Não é difícil especular sobre as razões de tanto desalento. A esta altura sabemos todos de cor os indicadores da maior recessão de todos os tempos. Soma-se à hecatombe econômica sinais de profunda degeneração moral. Na semana passada duas bizarrices nos lembraram a que ponto chegamos. O deputado Celso Jacob foi à Câmara votar a favor do presidente Temer e voltou em seguida ao presídio da Papuda, onde cumpre pena de sete anos e dois meses. O setor privado não destoa. O vice-presidente de Integridade da BR Foods , José Roberto Pernomian Rodrigues, pediu demissão pela prosaica razão de que foi condenado a cinco anos e dois meses por fraude.
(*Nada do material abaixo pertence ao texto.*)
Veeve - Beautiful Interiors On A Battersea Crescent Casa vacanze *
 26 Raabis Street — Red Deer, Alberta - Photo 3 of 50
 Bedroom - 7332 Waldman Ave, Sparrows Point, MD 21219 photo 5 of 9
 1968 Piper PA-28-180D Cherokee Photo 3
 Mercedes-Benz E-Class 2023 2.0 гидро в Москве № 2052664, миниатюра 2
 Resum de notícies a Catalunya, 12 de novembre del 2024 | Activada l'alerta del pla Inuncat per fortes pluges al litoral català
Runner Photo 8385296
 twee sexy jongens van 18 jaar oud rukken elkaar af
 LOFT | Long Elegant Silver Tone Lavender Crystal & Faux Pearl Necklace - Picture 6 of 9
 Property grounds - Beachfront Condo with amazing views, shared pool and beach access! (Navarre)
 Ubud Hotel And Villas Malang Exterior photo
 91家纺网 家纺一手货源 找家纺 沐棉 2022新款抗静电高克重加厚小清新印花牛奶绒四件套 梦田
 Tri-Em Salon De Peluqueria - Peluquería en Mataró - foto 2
Mas nem todos estão desanimados. Desde o começo do ano, o mercado financeiro vem apresentando traços de otimismo. A bolsa subiu algo como 10% enquanto, no meio de todo o tiroteio, o real se valorizou quase 5%. Em ambos os casos, a tendência é positiva para os próximos meses. Como explicar esta desconexão entre o clima de desconsolo que afeta o cidadão e a relativa tranquilidade do mercado? No caso do câmbio, a queda do dólar é fenômeno mundial, no rastro da revisão da expectativa de que o Fed subiria rapidamente os juros. Além do cenário internacional favorável , o mercado parece também dar sinais de fadiga ao tentar entender o que acontece hoje no Brasil. Viramos um romance russo em que a cada capítulo surgem 25 novos personagens. É tão difícil quanto desinteressante acompanhar nossa crise política. Mais fácil e conveniente é acreditar na inevitabilidade das reformas sob o pretexto simplório de que, qualquer que seja o presidente, o país terá que se curvar aos fatos e, de alguma forma, resolver o problema fiscal – dado que “não há outra alternativa”. Esta visão é ingênua. Parte do princípio fatalista de que o Brasil está fadado a dar certo. Também ignora que a solução do problema fiscal implica necessariamente a revisão de direitos, já que o combate à corrupção e o corte de privilégios não bastam para resolver um déficit do governo central que supera meio trilhão de reais. Não é tarefa simples para um governo encurralado. Na falta de disposição para entender a fundo o que acontece, mais fácil é acreditar em esquemas simplificados e caricaturas da realidade. No fundo, dá no mesmo. Para o mercado, basta uma crença e uma narrativa para poder operar, comprado ou vendido. Hoje, o jogo é imaginar que o governo Temer terá ainda fôlego para comprar votos e aprovar reformas. Esta visão benigna pode mudar abruptamente, assim como faz parte da natureza de uma revoada de andorinhas alternar de repente o seu rumo. O otimismo do mercado não significa nada. Melhor seguir a novela russa, ler todos os capítulos e anotar os nomes dos novos personagens – inclusive os presos. São eles que urdirão nosso futuro.